**** INPUT FOR THIS TASK ****

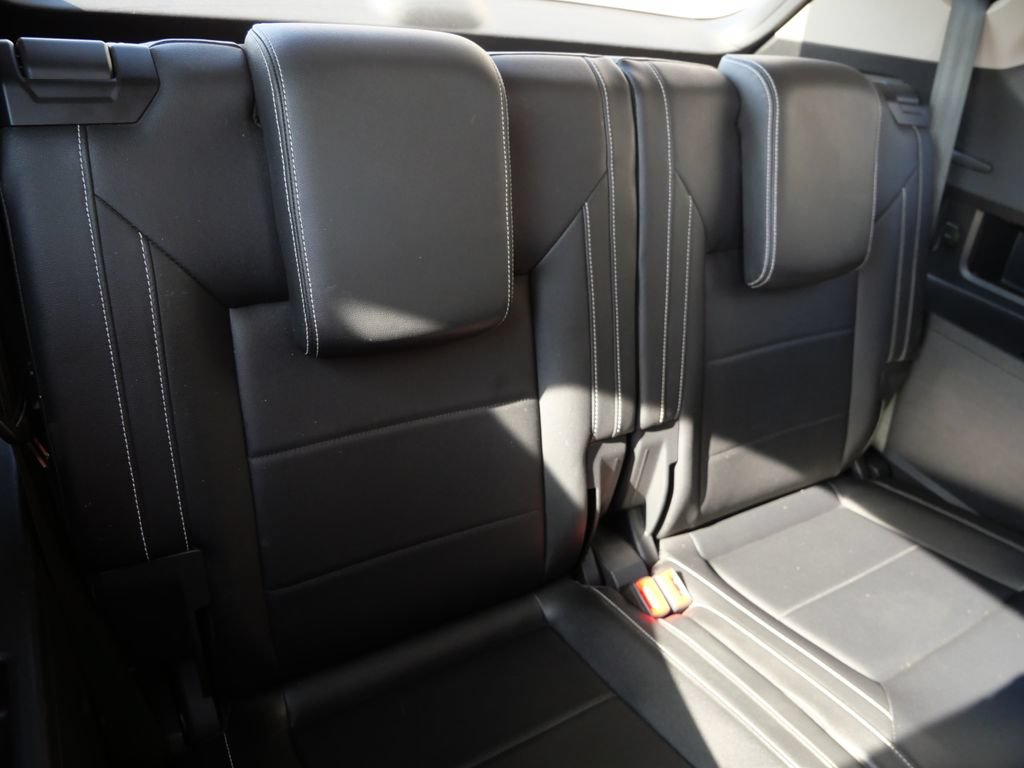 Used 2021 Volkswagen Atlas SE FWD image 18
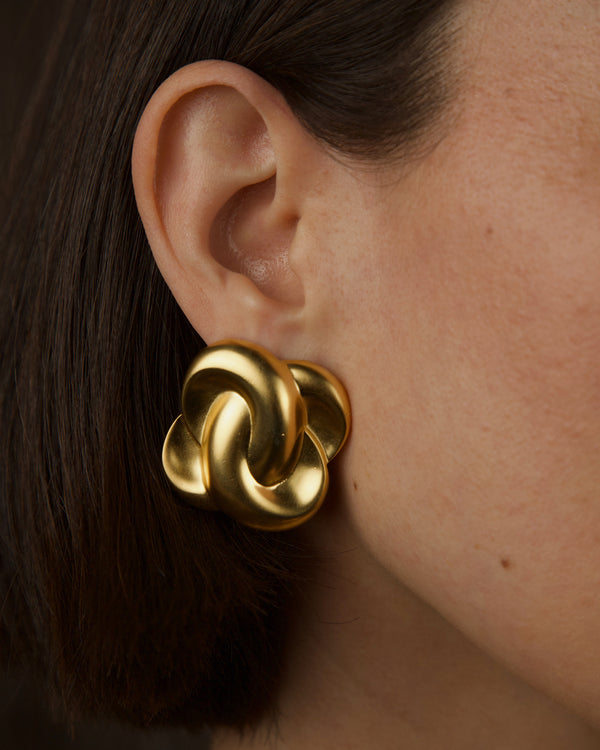 Vintage Matte Gold DBL Link Earrings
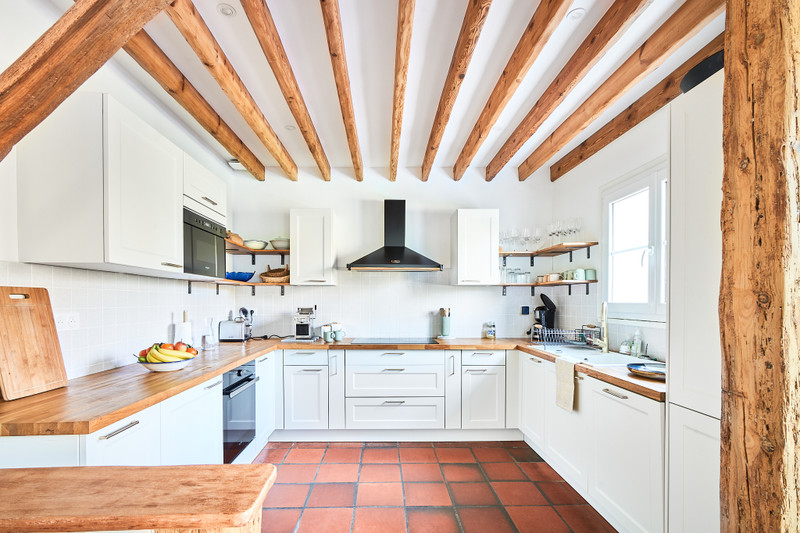 French property for sale in Andilly, Charente-Maritime - €670,000 - photo 5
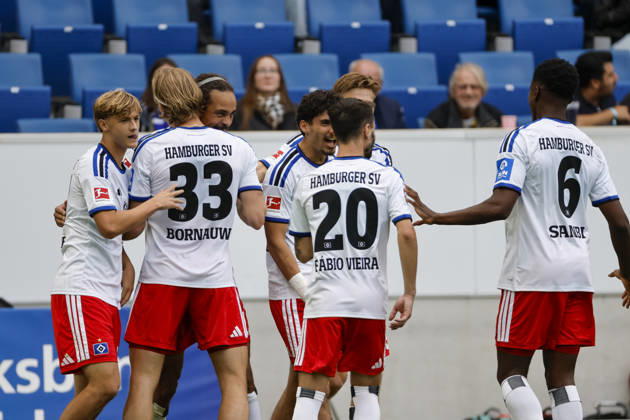Torjubel Hamburger SV beim 0:1 durch Yussuf Poulsen (Hamburger SV, 15), Freude, Begeisterung, positive Emotionen, Torerfolg , Deutschland, Fussball, 1. Bundesliga, 5.Spieltag, 2026 2027, TSG Hoffenheim vs. Hamburger SV, 10.10.2026, Sinsheim SNP Arena Deutschland Copyright: xGrantxHubbsx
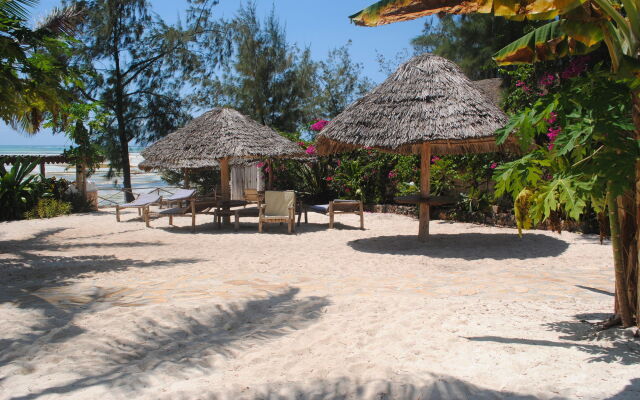 Seasons Lodge Zanzibar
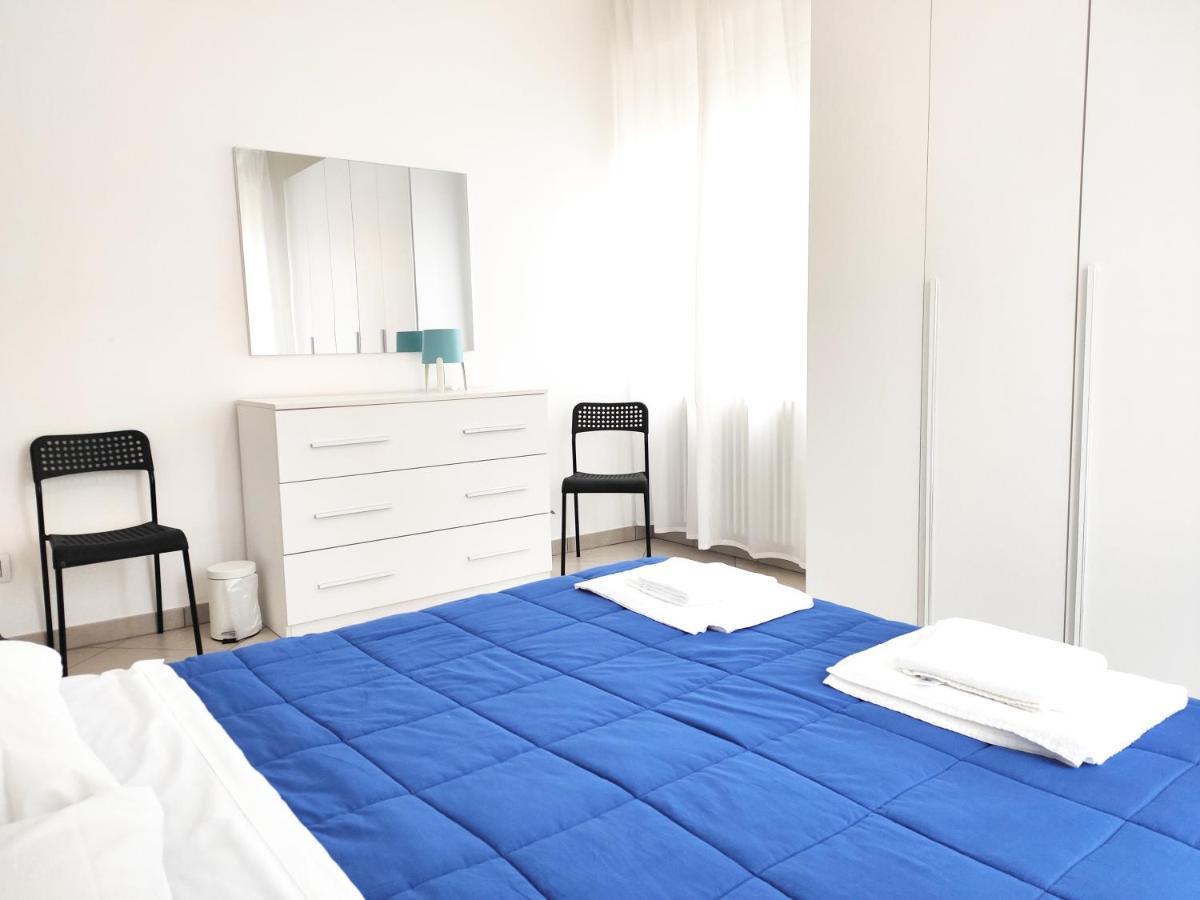 Mamma Casa Marina Center Apartments Rimini Bagian luar foto
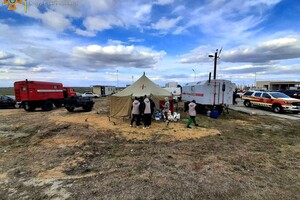 На границах с Румынией и Молдовой принимают беженцев: им все помогают 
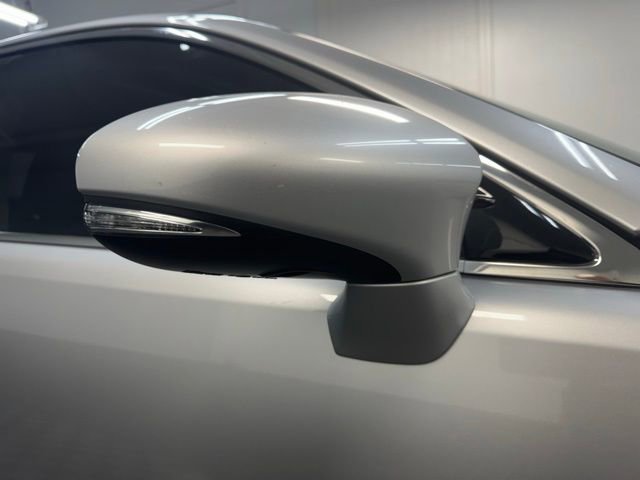 Used 2016 Lexus ES 350 w/ Navigation System Package image 25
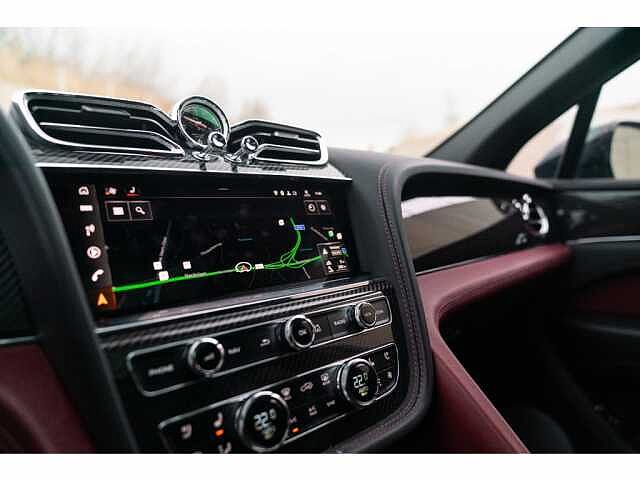 1:Bentley Bentayga S V8, SUV, Claret, Bentley Knokke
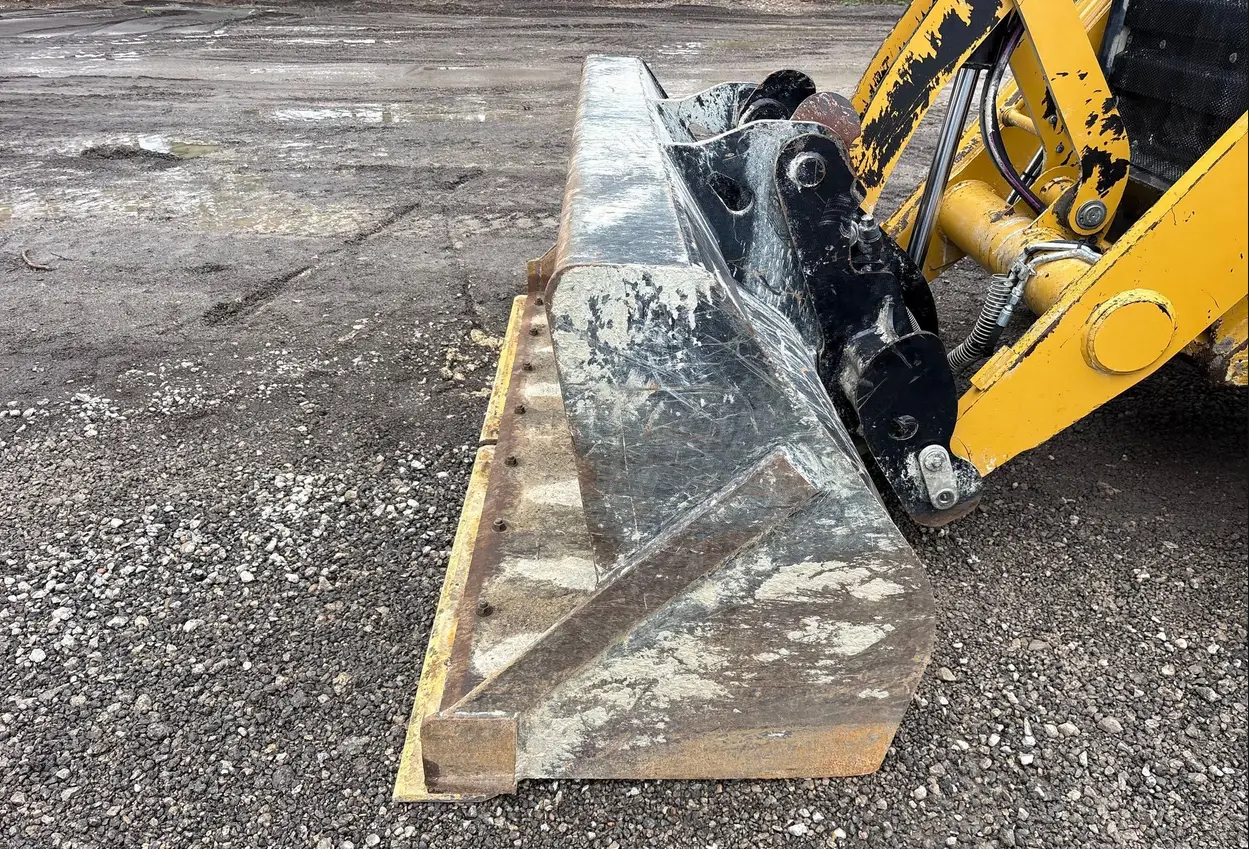 2022 Caterpillar 420 backhoe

****

Starting from the line that contains "Mamma Casa Marina", transcribe exactly each line down to the final line of the material above, excluding every picture and adding nothing else.

 Mamma Casa Marina Center Apartments Rimini Bagian luar foto
 На границах с Румынией и Молдовой принимают беженцев: им все помогают 
 Used 2016 Lexus ES 350 w/ Navigation System Package image 25
 1:Bentley Bentayga S V8, SUV, Claret, Bentley Knokke
 2022 Caterpillar 420 backhoe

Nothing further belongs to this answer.